When I first decided to climb a mountain in Peru in July of 2014, I found myself distracted from the climb itself by the long solo journey I would have to take just to get to the mountain. After a couple of layovers and 11 hours in the air, I made it to Lima by about midnight. My ride to the bus station wasn’t due to arrive until 8 a.m., so I found a quiet place and spent the night there in the terminal. After a sorry excuse for a night’s sleep, I took a wild, one-hour cab ride, followed by a 10-hour bus ride north up the coast then west up into the Cordillera Blanca, a range in the Andes. Nestled in the shadows of Peru’s highest peaks is the beautiful town of Huaraz. I spent a few days acclimating there and a couple of days at base camp before my group made its way toward the summit of Chopicalqui. At 20,846 feet, the summit of Chopicalqui is over 6,000 feet higher than anything I have ever climbed. Below is the journey in words and pictures.

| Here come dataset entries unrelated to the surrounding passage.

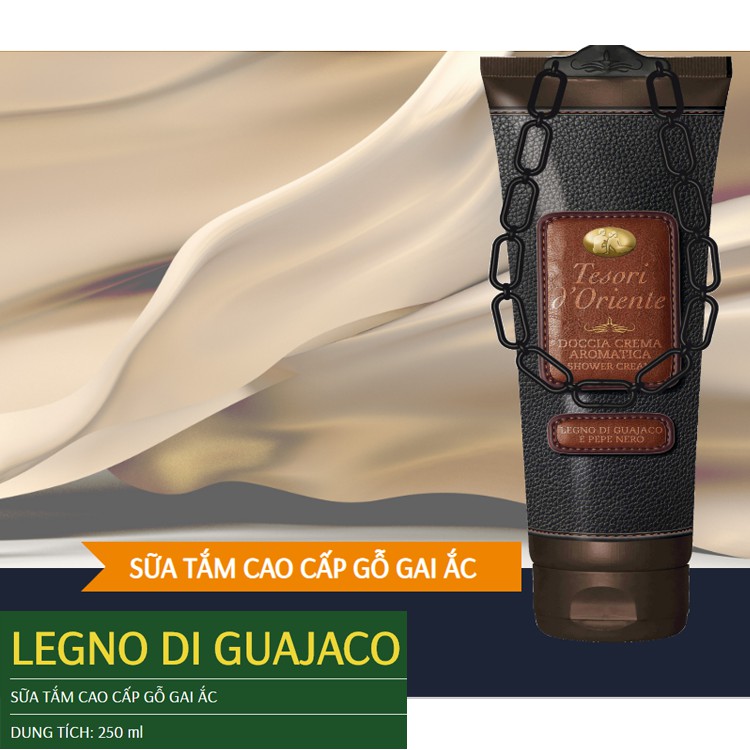 Sữa tắm gỗ Gai Ắc Tesori D' Oriente Legno Di Guajaco 250ml + Móc khóa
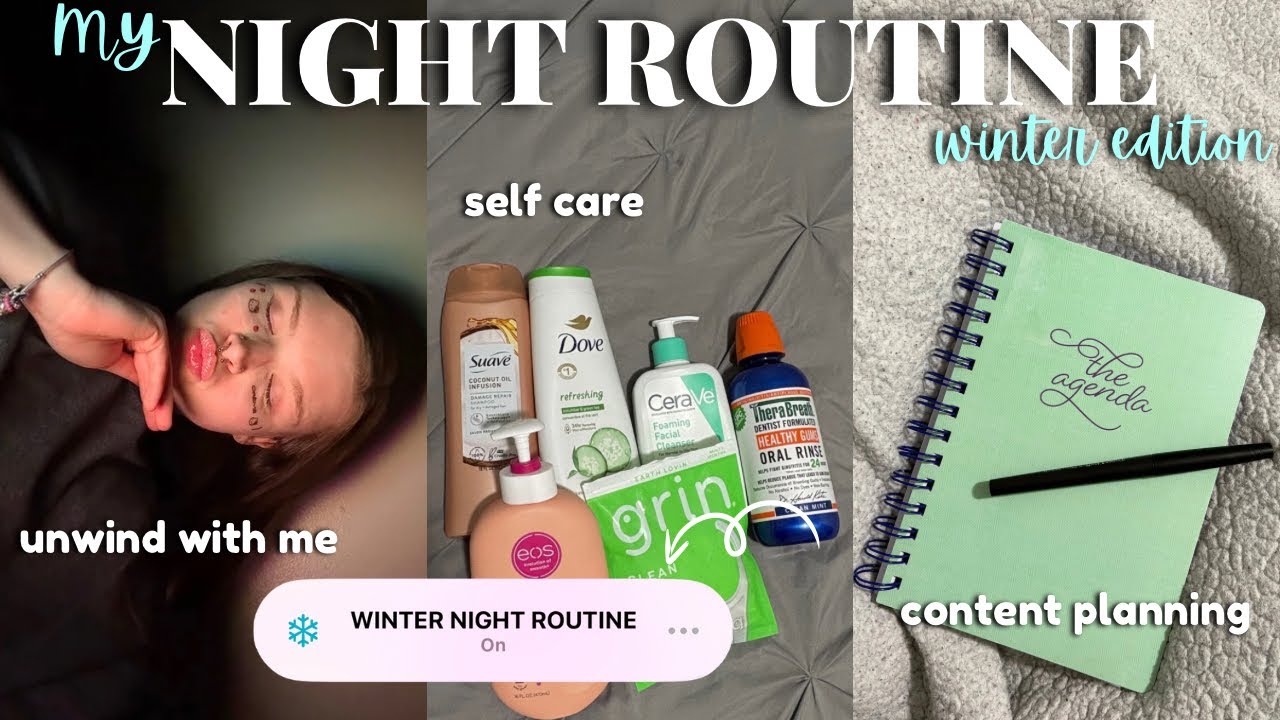 MY NIGHT ROUTINE (winter edition)⋆☾⋆ : unwind with me, self care ...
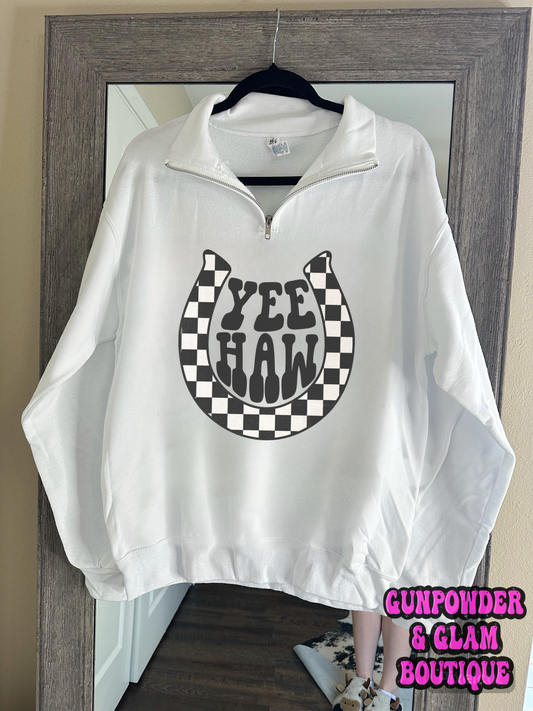 Yee Haw Quarter Zip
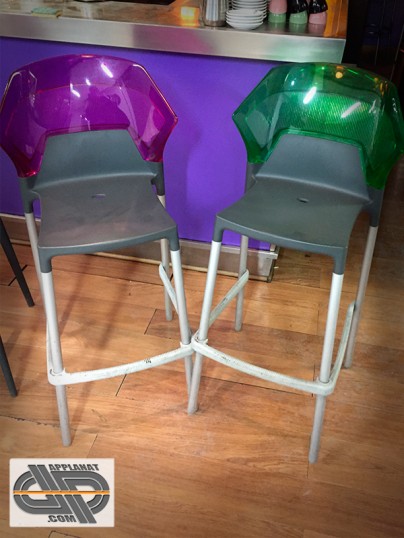 tabouret bar colores violet vert PAPATYA EGO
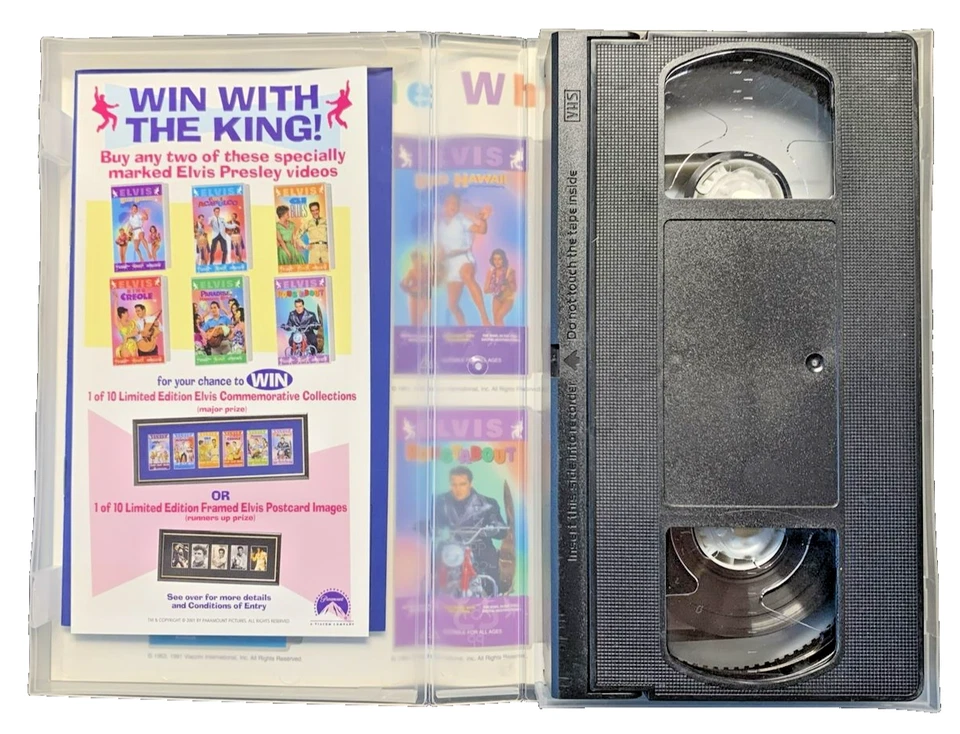 Roustabout (1964) PAL VHS Video Cassette Elvis Presley Made In Australia - Image 3 of 3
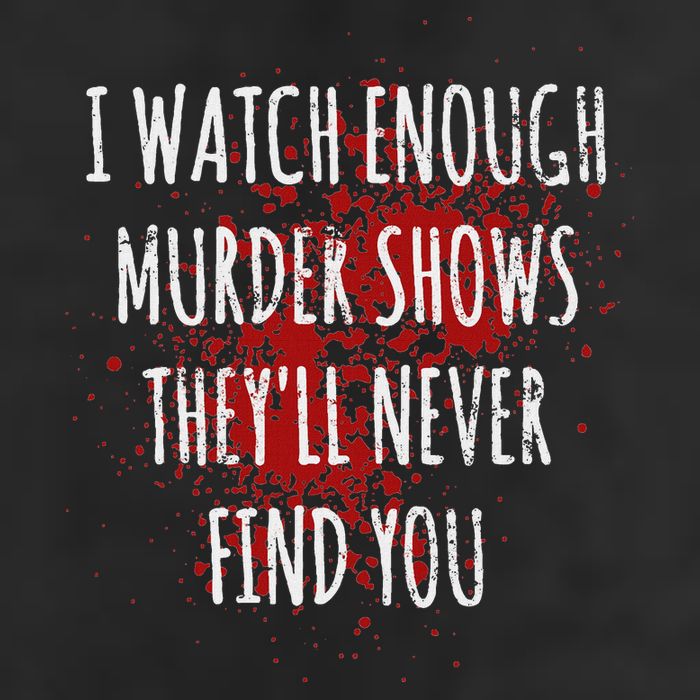 I Watch Enough Murder Shows TheyLl Never Find You Large Microfiber Waffle Golf Towel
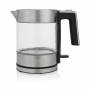 Princess - 236040 Glas-Wasserkocher Brighton - 1 l - 2200 W - Schwarz - Edelstahl - Transparent - Glas - Edelstahl - Wasserstandsanzeige - 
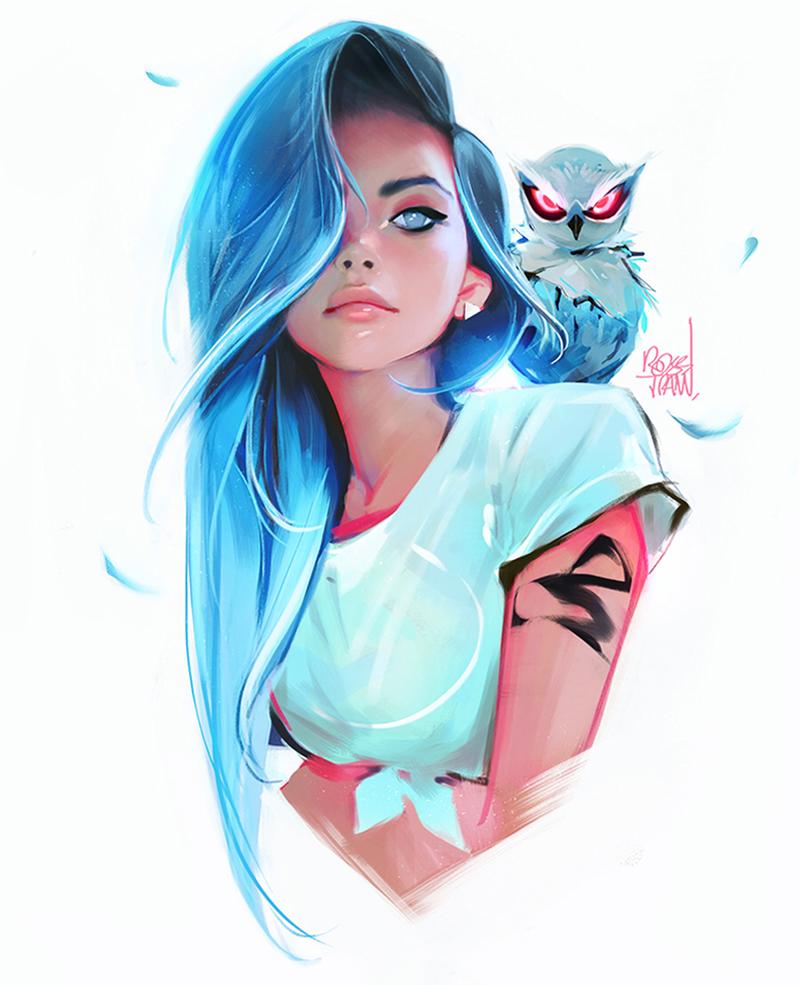 I Love Painting Hair I M Coming Out Wit Rossdraws のイラスト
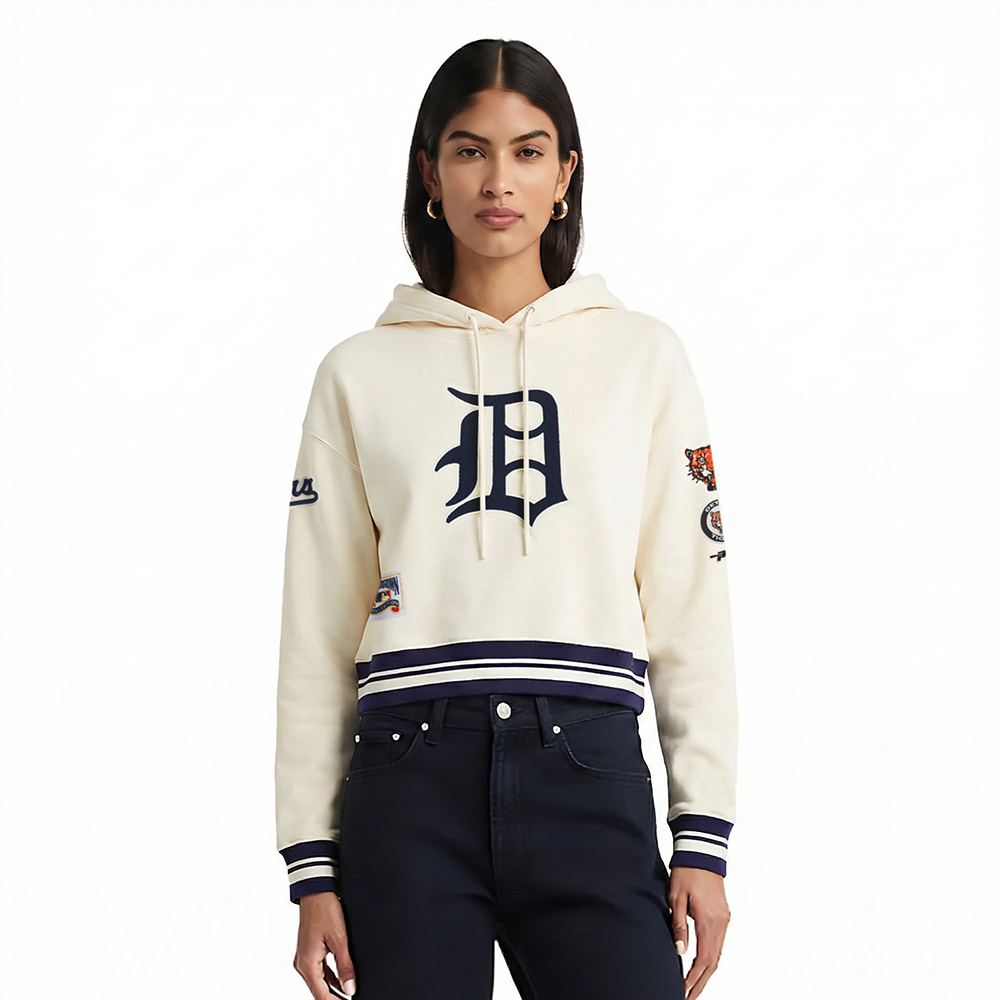 SUDADERA CON GORRO MLB DETROIT TIGERS RETRO CLASSICS PARA MUJER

At Lambert-St. Louis International Airport, where the journey began.
The hustle and bustle near Lima’s airport.
The colorful city center in Huaraz, Peru.
View of Huaraz from the rooftop of my hotel.
A few shots of the beautiful people and culture of Huaraz.
Following a guide up to Churup Lake for an acclimation hike.
At Churup Lake, we stood at 14,700 feet. This is roughly 200 feet higher than anyplace in the lower 48 states.
A quinoa field near my guide’s family farm, where I had been invited for dinner.
His brother’s wife and her daughter wait for our arrival.
It was an honor to join them for Guinea Pig, a traditional Peruvian dish.
My new friend, Helinda, waving goodbye.
After a few more days acclimating in Huaraz, my team and I headed into the heart of the Peruvian Andes.
Making the trek to Chopicalqui’s base camp.
A porter unloading my gear at base camp.
Our team’s chef preparing something great at base camp.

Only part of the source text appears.